**WHAT YOU NEED TO DO**
Everything from the line with "3 Bedroom Property" down to the line with "Brianasexy4u webcam" below must be printed exactly, those two lines included. Exclude pictures.

**SOURCE RECORDS**
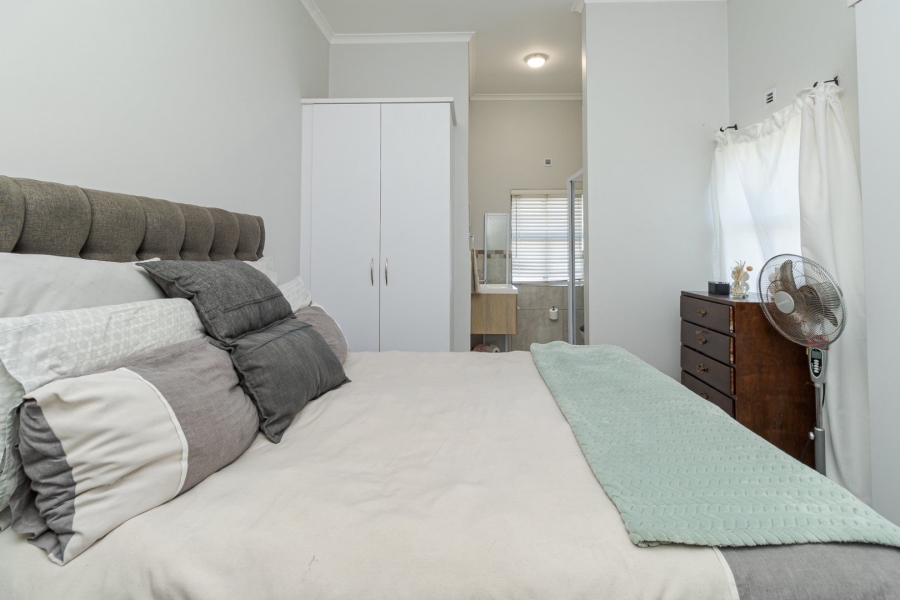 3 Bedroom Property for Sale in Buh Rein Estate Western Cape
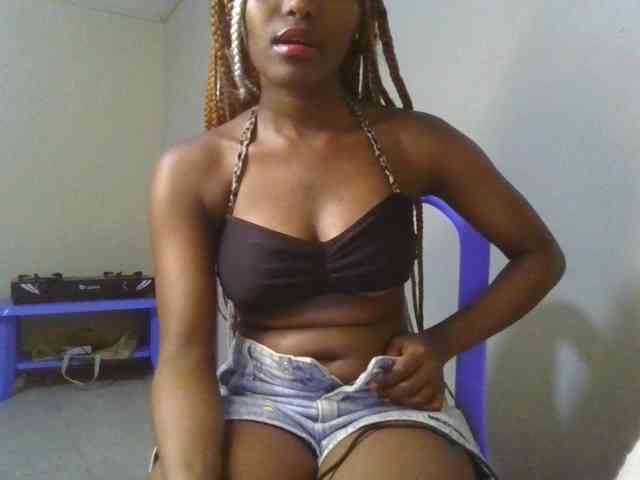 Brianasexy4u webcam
...
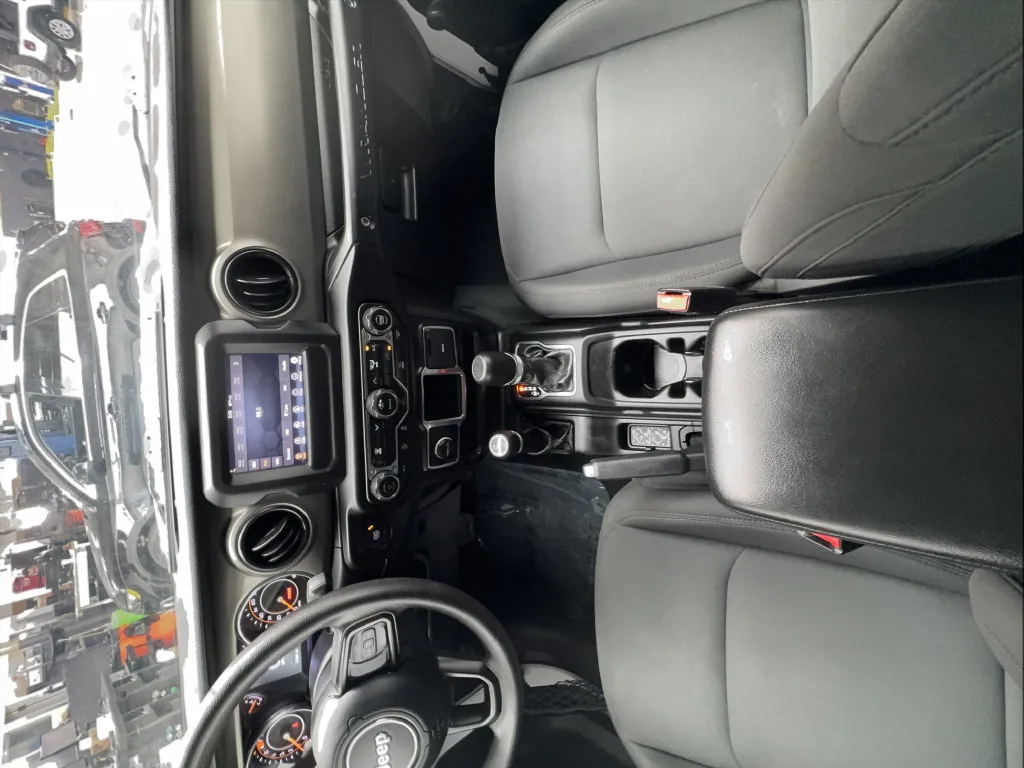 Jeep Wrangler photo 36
---
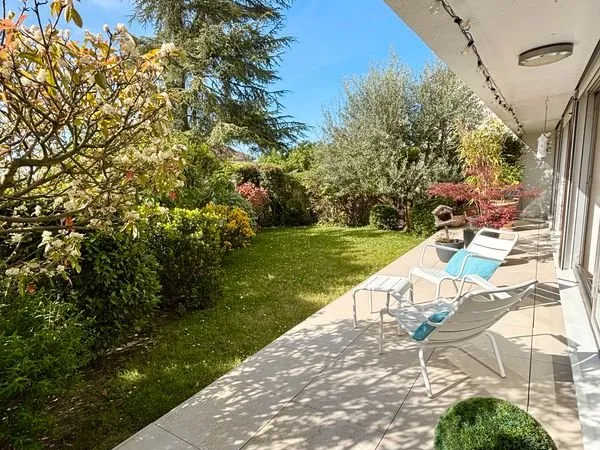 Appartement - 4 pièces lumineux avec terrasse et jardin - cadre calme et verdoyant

**WRITTEN RESPONSE**
 3 Bedroom Property for Sale in Buh Rein Estate Western Cape
 Brianasexy4u webcam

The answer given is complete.